The effect of background tissue type was evaluated on the accuracy of RNA STEP versus STAR NGS results. Our sample set included 21 lung, 15 liver, 8 brain, 7 head and neck, 7 lymph node, 8 ovary, 7 soft tissue, 6 skin, 4 peritoneum samples. The remaining tissue sites had 3 or fewer representative samples: pleural fluid (3), urinary bladder (3), rectum (2), breast (2), bone (1), colon (1), kidney (1), pancrease (1), prostate (1), and stomach (1). Accuracy was >909% for all tissue sites analyzed (Table 8) using ≥5 copies as the positivity cut-off for gene amplification by STAR NGS and a log 2 ratio ≥2.0 as the positivity cut-off for gene upregulation by RNA STEP. These results demonstrate that lung and melanoma samples may be accepted even with abundant arthrosis and melanin. Samples processed with decalcification or freezing are also acceptable. Older samples may be test up to 10 years old, but if older than 2 years should be reported with qualification that there may be a higher risk for false negative results.

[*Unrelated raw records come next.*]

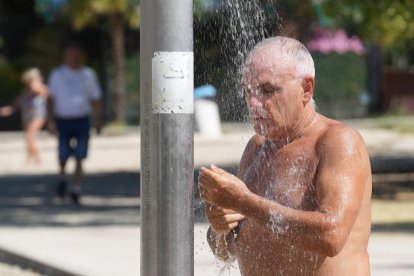 Cuarta ola de calor en Valladolid.- J.M. LOSTAU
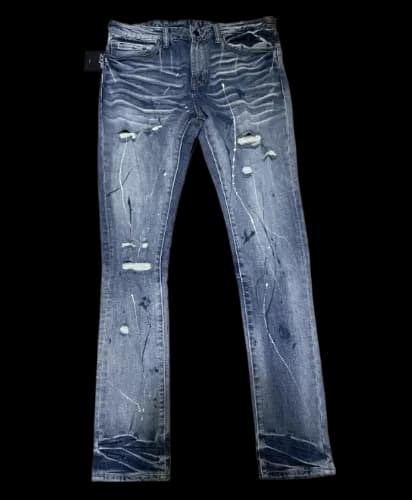PRPS SPLATTER JEANS — Pants from Taobao, photo 1 of 2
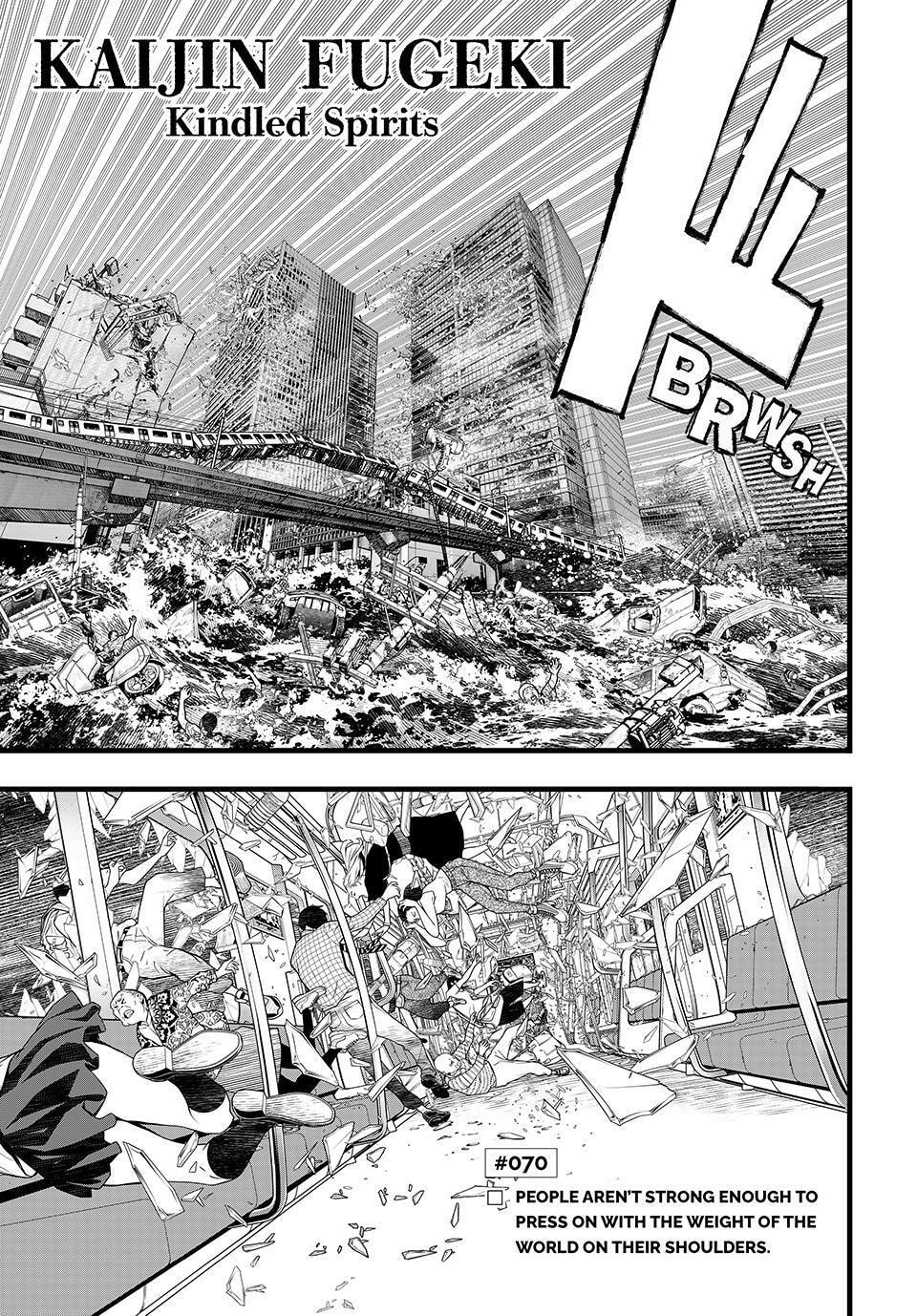 KAIJIN FUGEKI: Kindled Spirits Chapter 70 page 1 - 
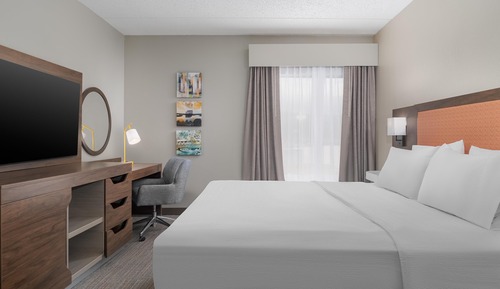 Premium Suite, 1 King Bed, Non Smoking, Kitchen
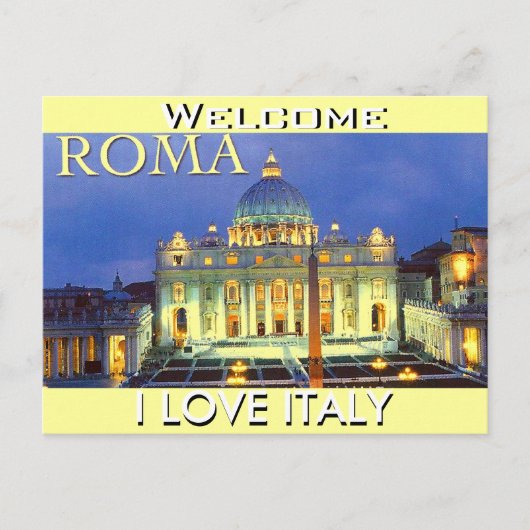 ローマ（オルボデグバダモシ） ポストカード (正面)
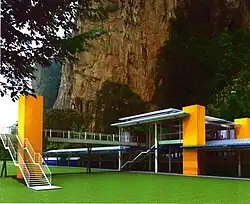 Batu Caves train station that is expected to be developed soon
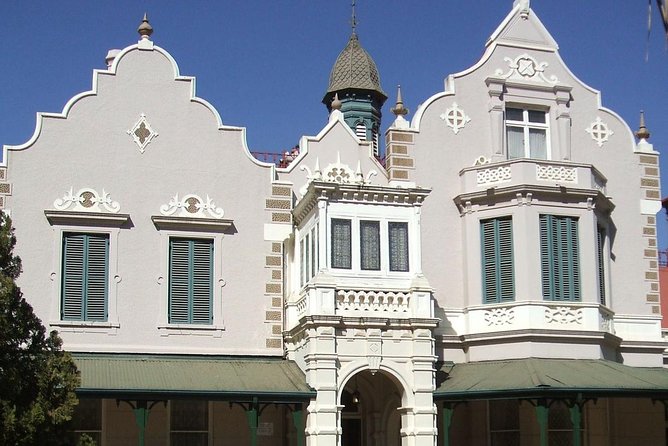 Pretoria City Guided Day Tour - Inclusions and Logistics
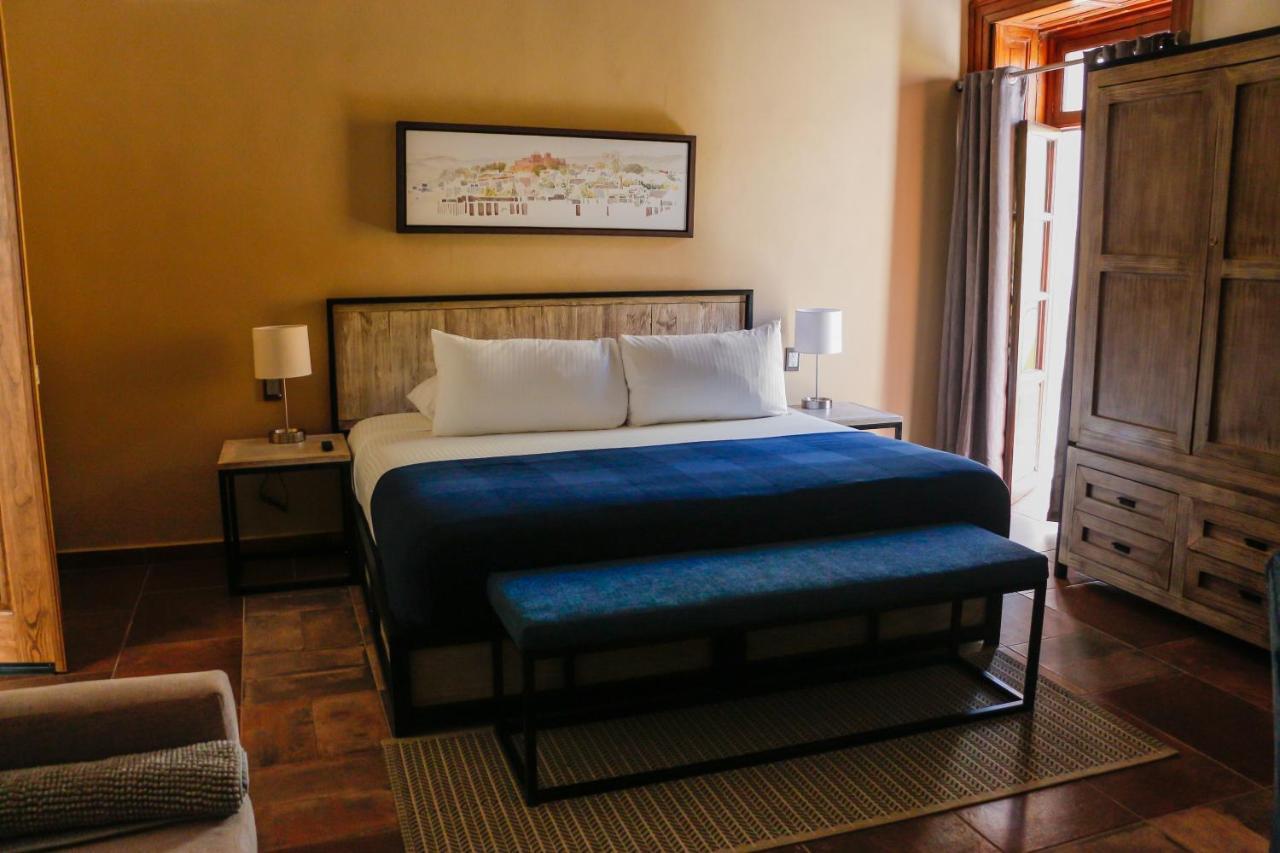 Hotel La Notaria Guanajuato Buitenkant foto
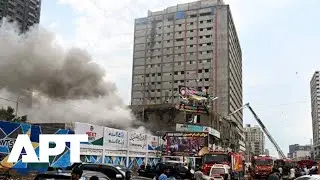Explosion in Karachi Fireworks Warehouse Injures at Least 25 | APT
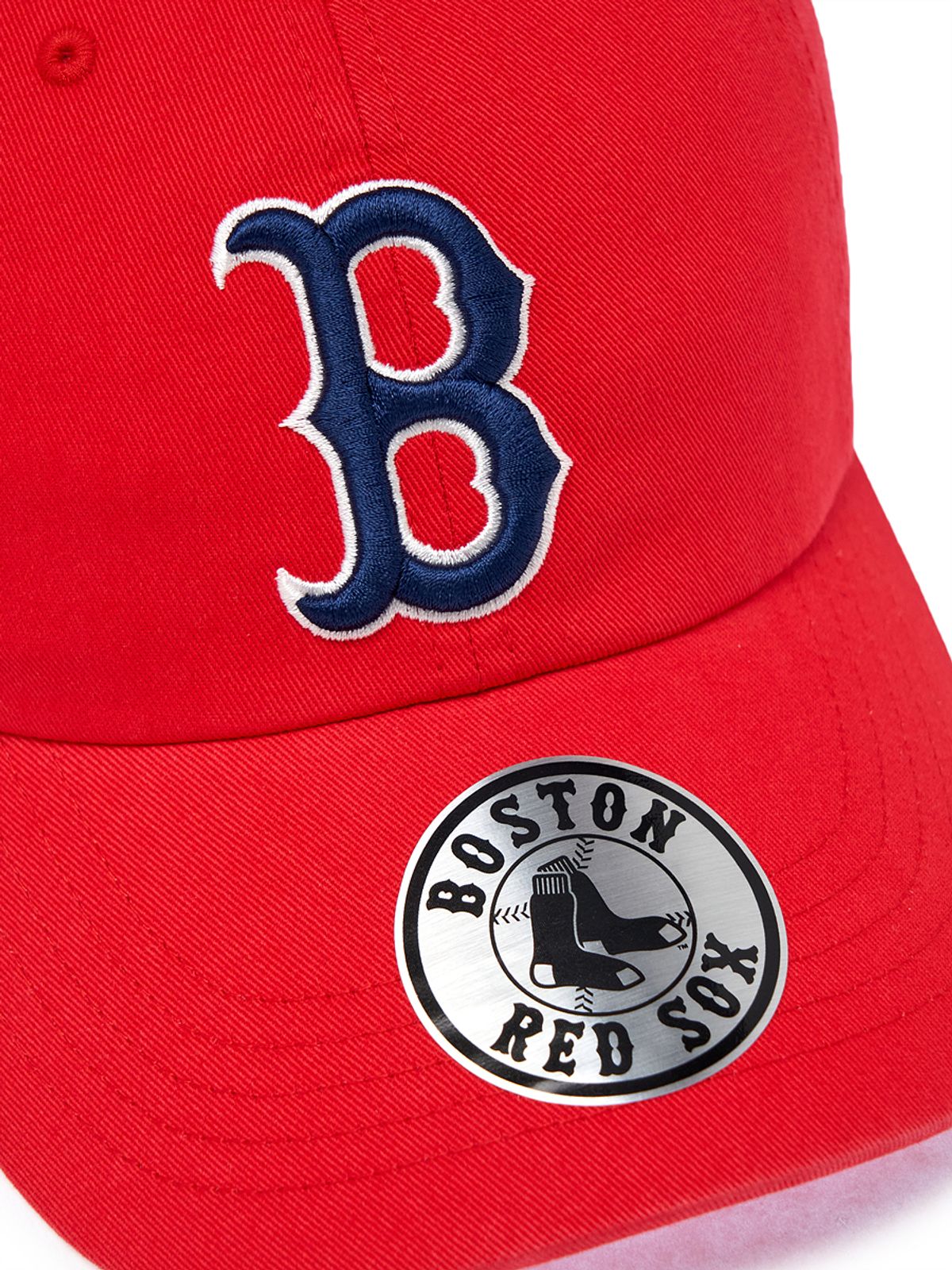 엠엘비(MLB) 시그니처 언스트럭쳐 볼캡 BOS (Red)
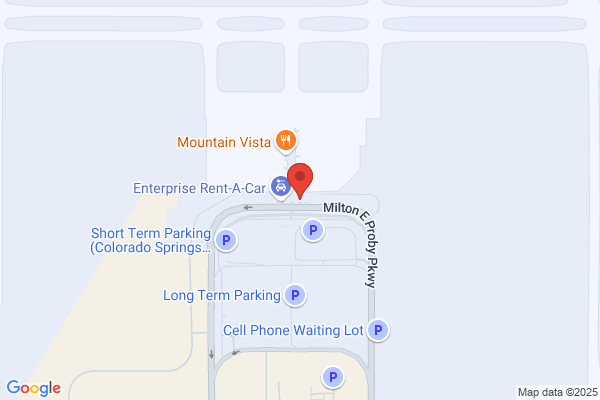 1Car Rental Colorado Springs Airport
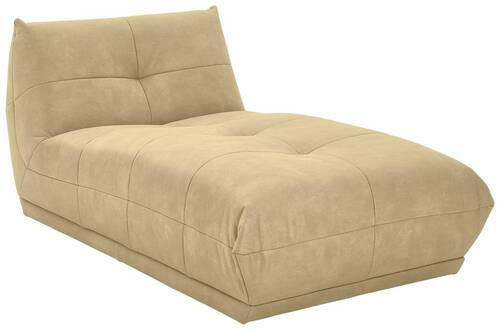 SOFFMODUL i läderimitation beige  - beige, Trend, textil (105/80/185cm) - Livetastic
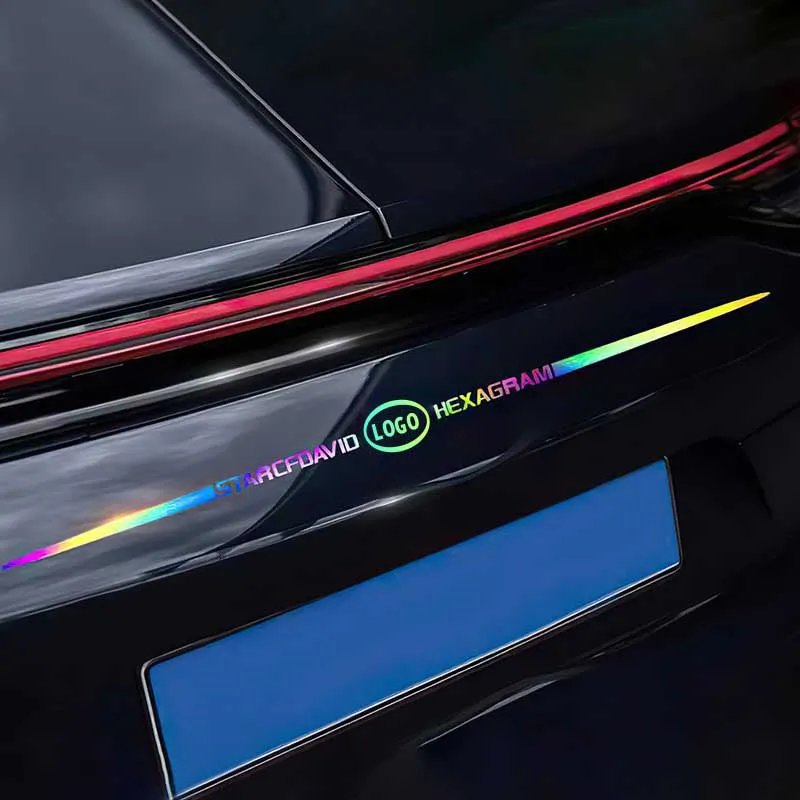 Car Hood Highly Reflective Car Sticker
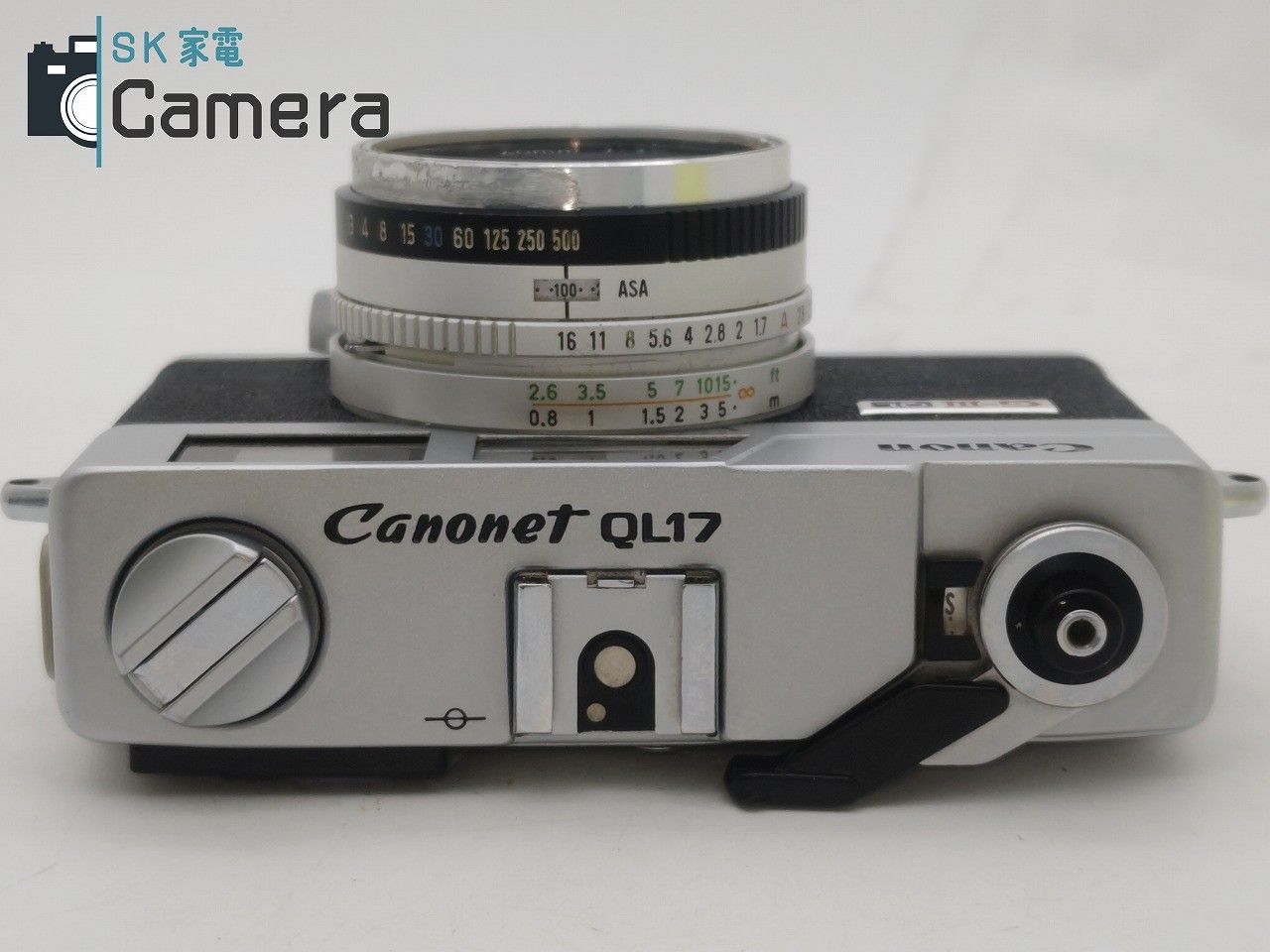 Canon Canonet QL17 G-III キャノネット ジャンク ジャンク CANON Canonet QL17 G-III QL フィルムカメラ - メルカリ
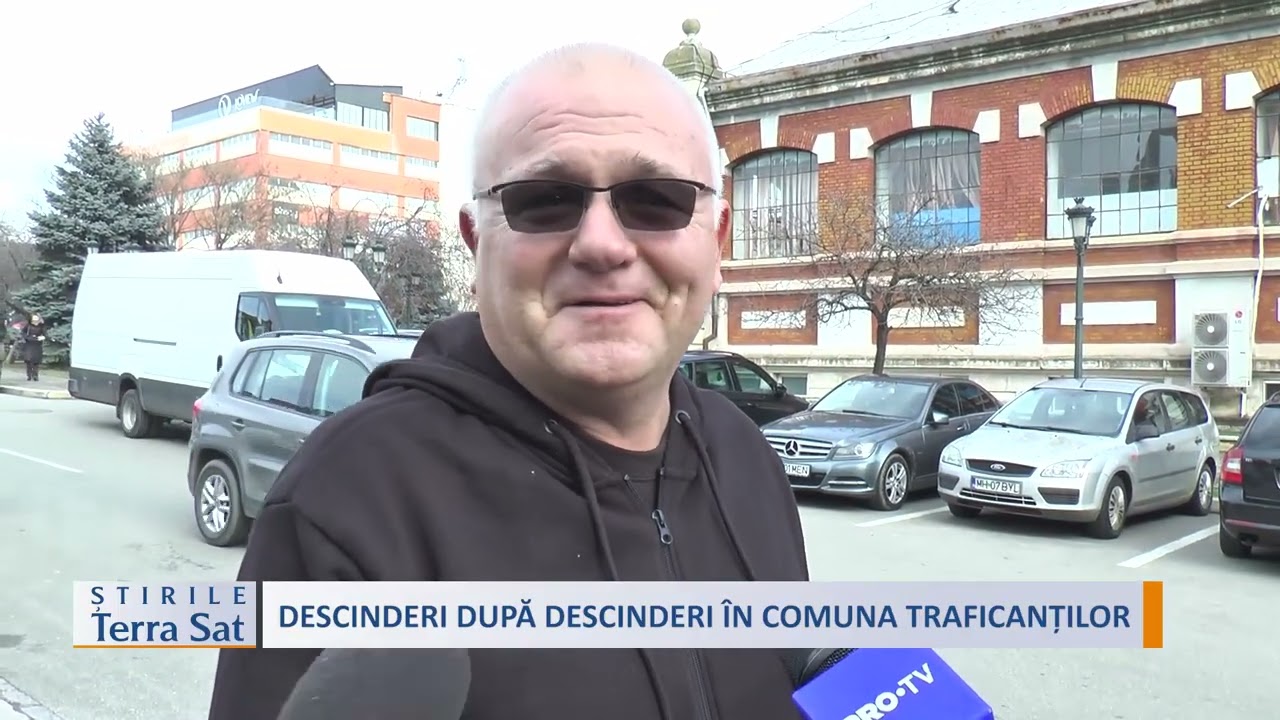 DESCINDERI DUPĂ DESCINDERI ÎN COMUNA TRAFICANȚILOR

For diagnostic validation, we analyzed mRNA samples extracted from 102 FFPE tissue samples collected from Moffitt Cancer Center patients with known MET exon 14 skipping status and gene amplification status for 59 genes by NGS. Of the 59 genes covered by NGS for gene copy number variants, 38 genes are also covered by RNA STEP for gene expression.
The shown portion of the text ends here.